EYNSHAM’S HEDGEHOG HIGHWAY - BEGINNINGS
Following the briliant NRN Tiny Talk by Chris and Steve Powles, creators of Kirtlington's Hedgehog Superhighway, which connects many gardens of the village by making holes in its fences and walls, they have challenged Eynsham to follow their lead. More importantly, they have generously donated £50 to pay for a stonemason to make the first hole through wall of stone. How can we say NO?
Last Friday afternoon, Lucy Stoddart and Joe Bishop of Spareacre Road, Eynsham, cut a hole in the fence to their neighbour. That night their first hedgehog wandered through. They have laid the 'foundation stone' of in Eynsham's new Hedgehog Highway! Watch their video of HH using a segment of the highway.
We know that there are many residents around Eynsham who are sympathetic to the plight of hedgehogs so, on 21st March 2021 a small group of interested Nature Recovery Network (NRN) members held a Zoom meeting to discuss a plan to establish a “hedgehog highway” through residents’ gardens, by means of a network of access points to allow uninterrupted foraging for the ‘hedgehogs. If this could lead to avoiding road crossings, a major cause of hedgehog fatalities, so much the better.
Neil Bailey of Hazeldene, Eynsham and Don and Judy Reid of Dovehouse Close are leading Eynsham's hedgehog project. Please email email@example.com if you would like to get involved.
Don Reid writes about how he and Judy were inspired to make hedgehog boxes.
A year ago, at the start of the first lockdown in March 2020, I acquired an 8ft x 4ft sheet of 11mm marine plywood and started making boxes.
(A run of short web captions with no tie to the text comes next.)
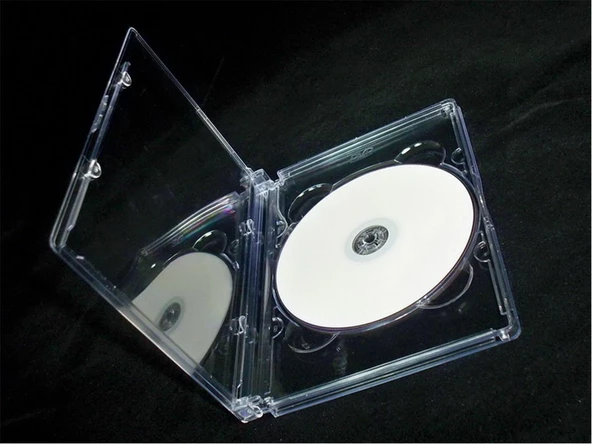 Elba QD-527 1li Parlak Şeffaf 10mm Dvd Kutusu 10 Adet ürün görseli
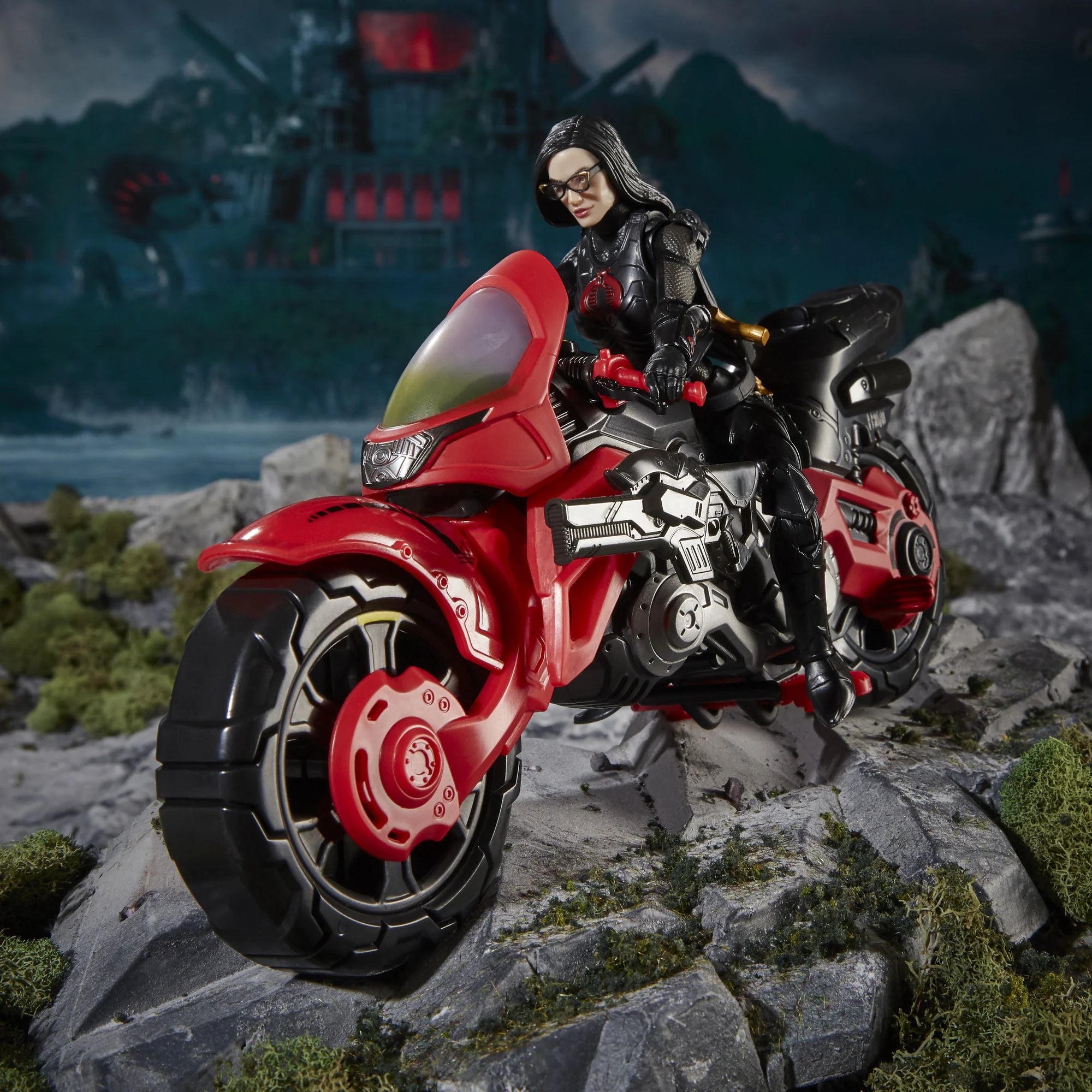 G.I. Joe Classified Series Baroness Action Figure with C.O.I.L. Motorcycle - Collectible 6-Inch Scale Toy for Display & Play - Perfect for Fans & Collectors
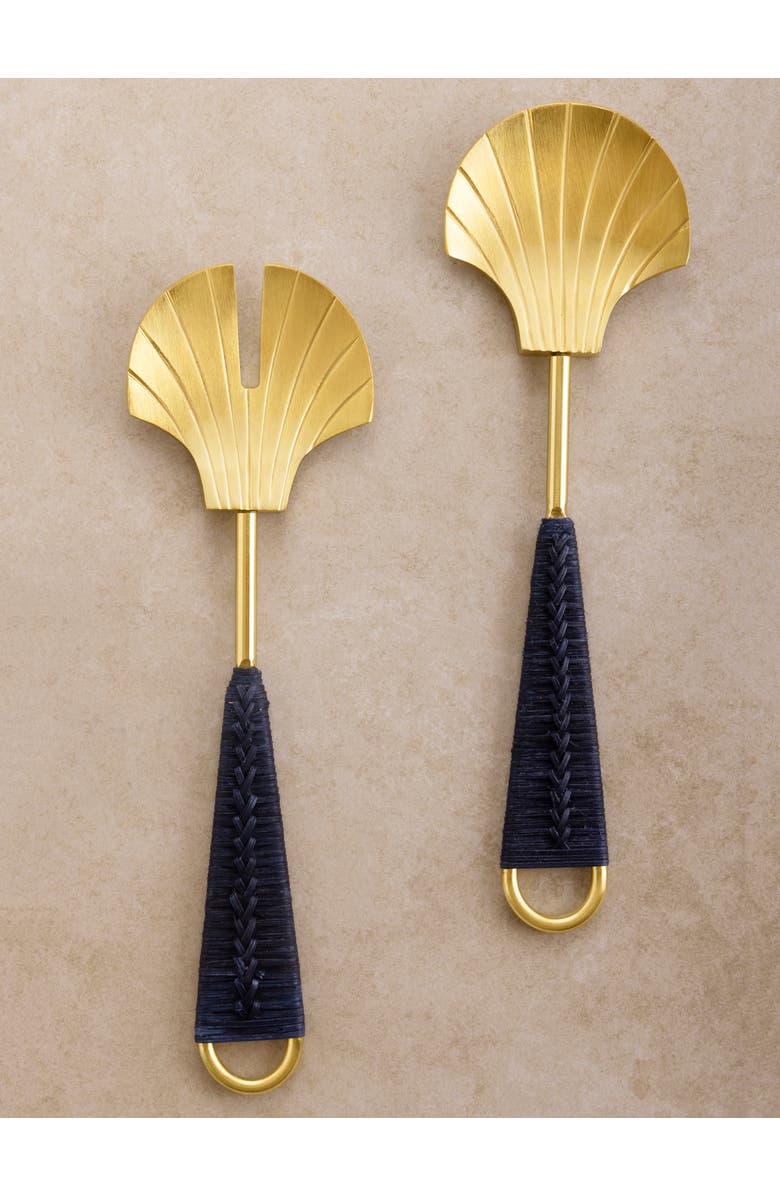 GAURI KOHLI Vitali Salad Servers, Set of 2, Main, color, Gold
I had no plans to follow but, using my scant woodworking knowledge, my suppressed artistic ability and a limited range of tools, I set to work.
I was inspired to this because a few evenings before we had a visit from a hedgehog. As we sat by the patio window and watched our visitor only two metres away in the fading light, he/she was suddenly aware of another ‘hog entering the garden by the same route – through a gap under our side gate which led onto the Dovehouse Close “meadow”. On both animals their hackles came up – which in a hedgehog’s case are all over – and they began warily circling and bristling at each other in a show of dominance. This went on without real aggression until it became too dark to see them as they gradually moved away from the window. But we were hooked.
Hence the boxes, intended to encourage a ‘hog to make a home in the shelter of our garden. We had suspected for a while that hedgehogs were visiting, as I had seen them on the meadow at night when walking the dog. The year before, we and our new neighbour, Phill Tait (who happily is also a wildlife buff) agreed to have our jaded dividing fence replaced, and it was decided early in our discussions to ensure a suitable hole for hedgehog access. Phill had also identified a hole through to his other neighbour, and also under his rear gate to the meadow.
Meanwhile, my boxes (I made three from my plywood sheet) have provided shelter for several ‘hogs. Buying a cheap trail camera so that we could watch a record of their activities throughout the night has added immeasurably to both our pleasure and our understanding of one of Britain’s iconic but threatened mammals.
If you would like to help hedgehogs you can do this in 5 ways:
- Let us know if you have a hole in your garden wall or fence so we can map connections.
- Make a hole about 13cm (5inches) in your wall or fence at ground level, or as close as possible.
- Recruit your neighbour to do the same thing next door. This way we can eventually create a map of extensive foraging routes for our hedgehogs.
- Let us know if you have seen a hedgehog recently; if so, where, when, what time.
- If you have a pond please ensure there is a shallow end or a platform : too many hedgehogs drown in garden ponds when they can’t climb out.